◆ PROMPT ◆
Set every line of the data down again exactly, and keep the pictures out.

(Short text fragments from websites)
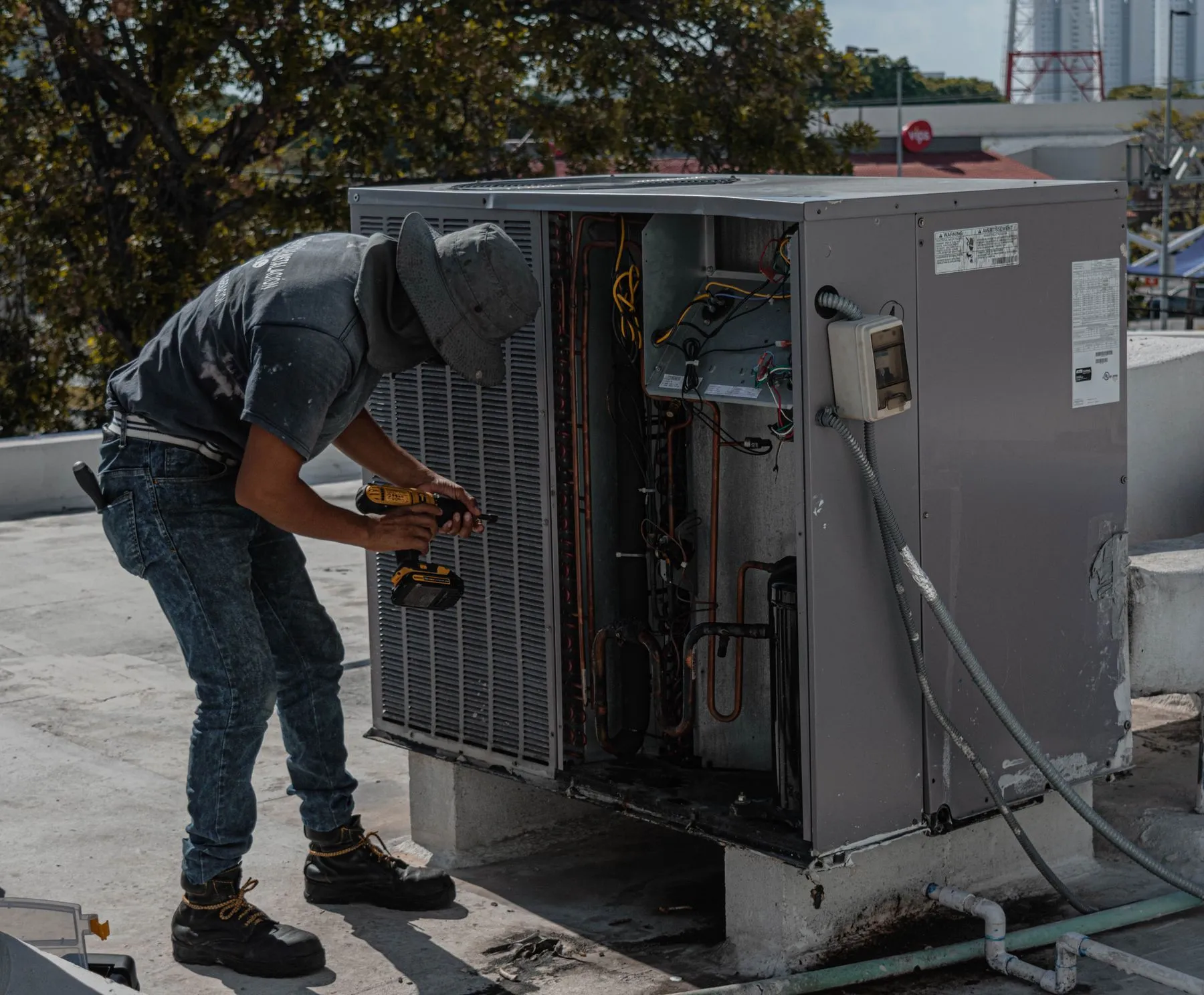 Técnico reparando una unidad exterior de aire acondicionado en una azotea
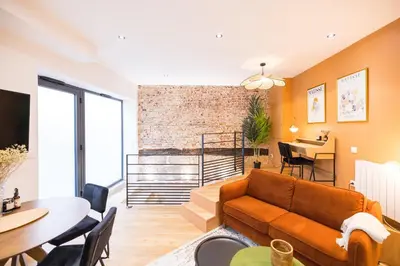 Coin salon dans l'établissement L'Autel La Crypte Mystérieuse de Rouen - sauna & balnéo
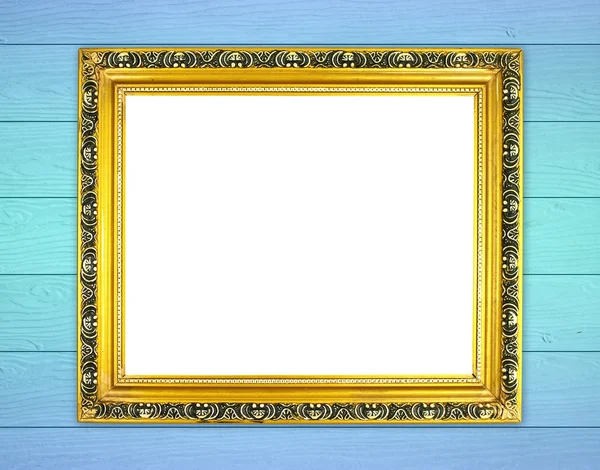 Lege gouden frame op houten muur — Stockfoto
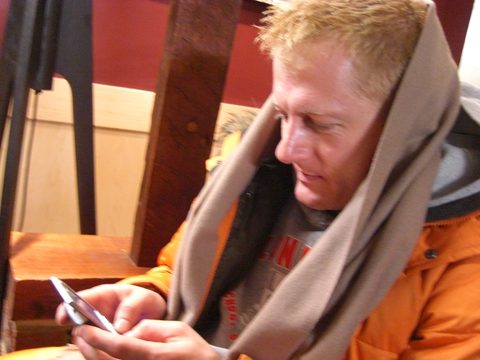 A man in a scarf typing a message on his cell phone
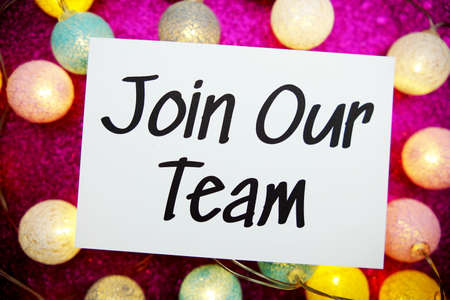 Join Our Team text on paper card top view on pink bokeh backgroundの写真素材
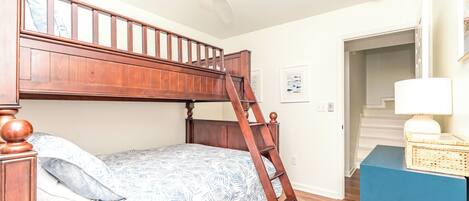 A bunk bed with a wooden ladder, a patterned bedspread, a blue bedside table, and a white wall with a framed picture.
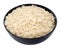 Boiled rice in a black bowl close-up isolated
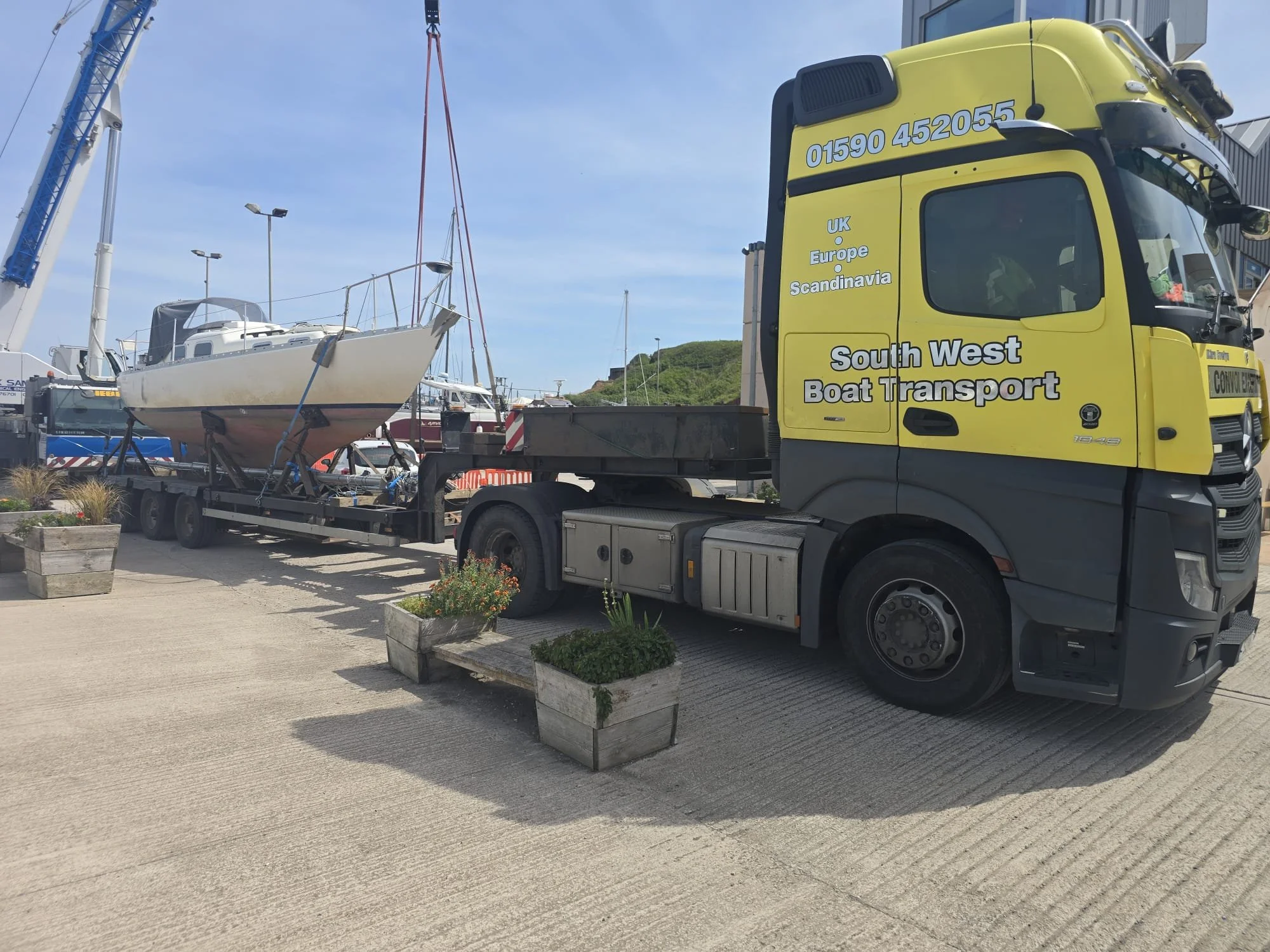 sailboat on a low loader truck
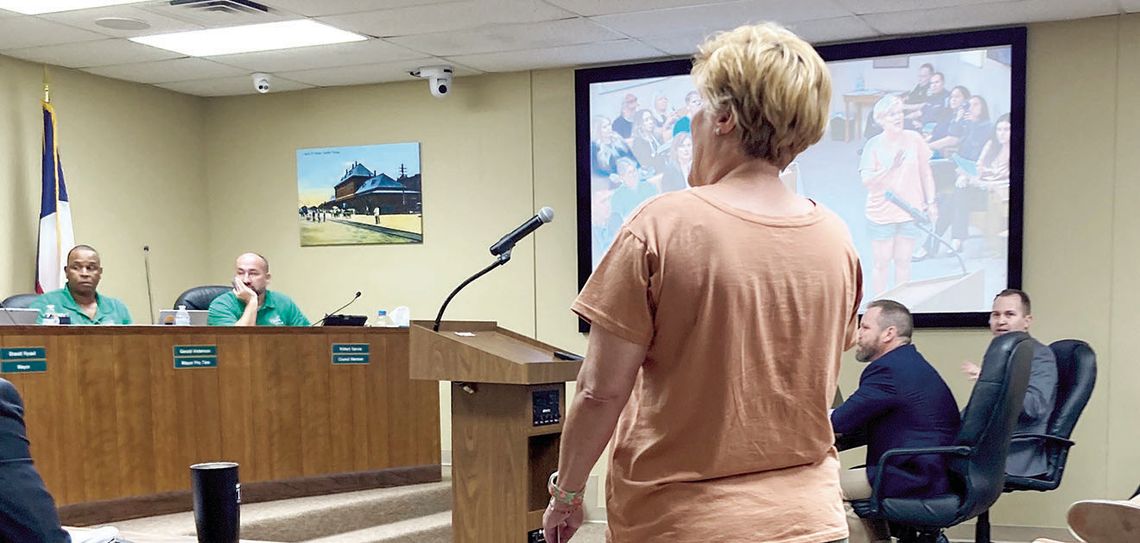 Stacy Stork, a member of a citizens compensation committee, protests the City Council’s split vote to increase their own pay to $1,000 per month and $1,500 for the mayor at the regular meeting July 27. Photo by Nicole Lessin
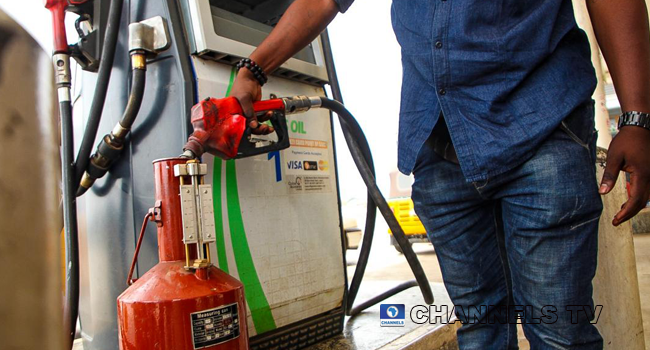 A file photo of a man filling up a measuring canister. Photo: Sodiq Adelakun/Channels Television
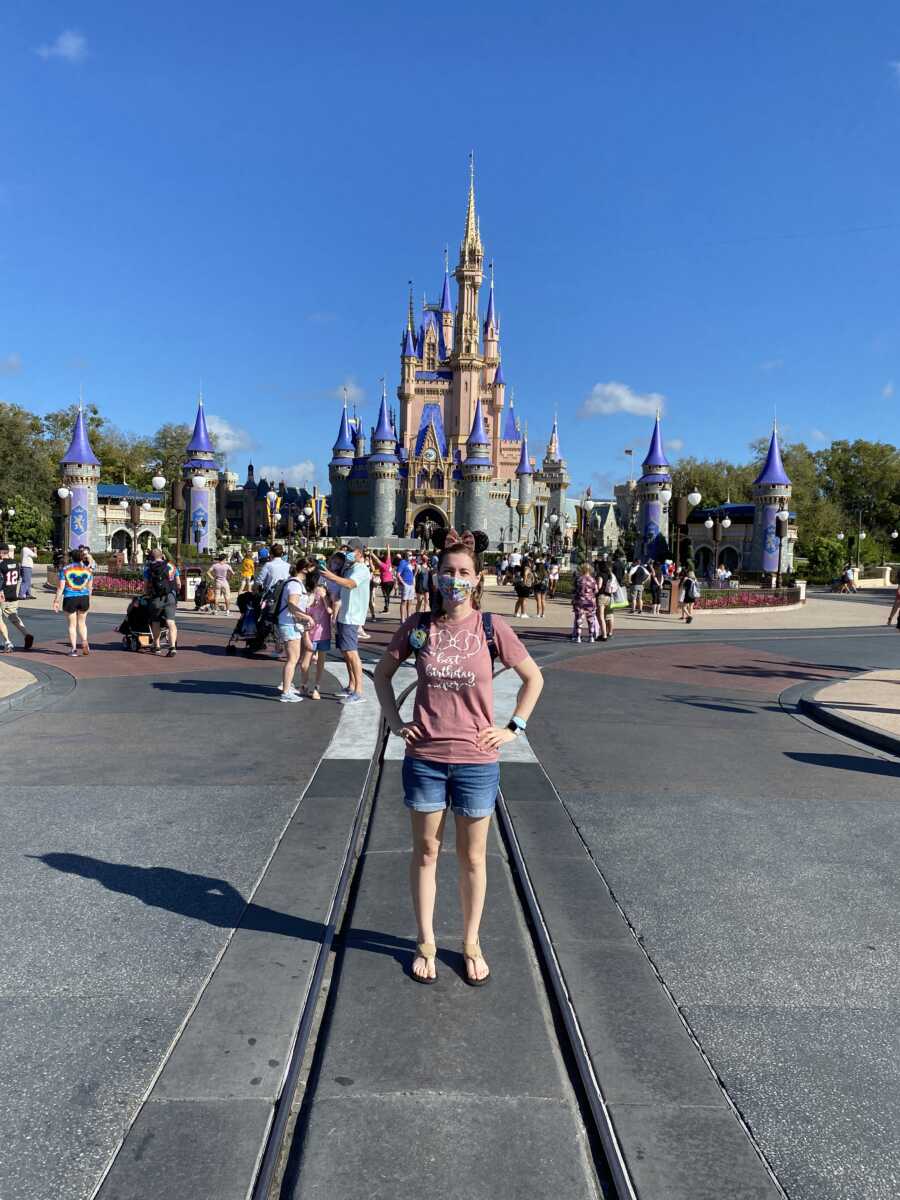 Young widow stands in front of Disneyland castle and takes picture by herself.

◆ RESULT ◆
 Técnico reparando una unidad exterior de aire acondicionado en una azotea
 Coin salon dans l'établissement L'Autel La Crypte Mystérieuse de Rouen - sauna & balnéo
 Lege gouden frame op houten muur — Stockfoto
 A man in a scarf typing a message on his cell phone
 Join Our Team text on paper card top view on pink bokeh backgroundの写真素材
 A bunk bed with a wooden ladder, a patterned bedspread, a blue bedside table, and a white wall with a framed picture.
 Boiled rice in a black bowl close-up isolated
 sailboat on a low loader truck
 Stacy Stork, a member of a citizens compensation committee, protests the City Council’s split vote to increase their own pay to $1,000 per month and $1,500 for the mayor at the regular meeting July 27. Photo by Nicole Lessin
 A file photo of a man filling up a measuring canister. Photo: Sodiq Adelakun/Channels Television
 Young widow stands in front of Disneyland castle and takes picture by herself.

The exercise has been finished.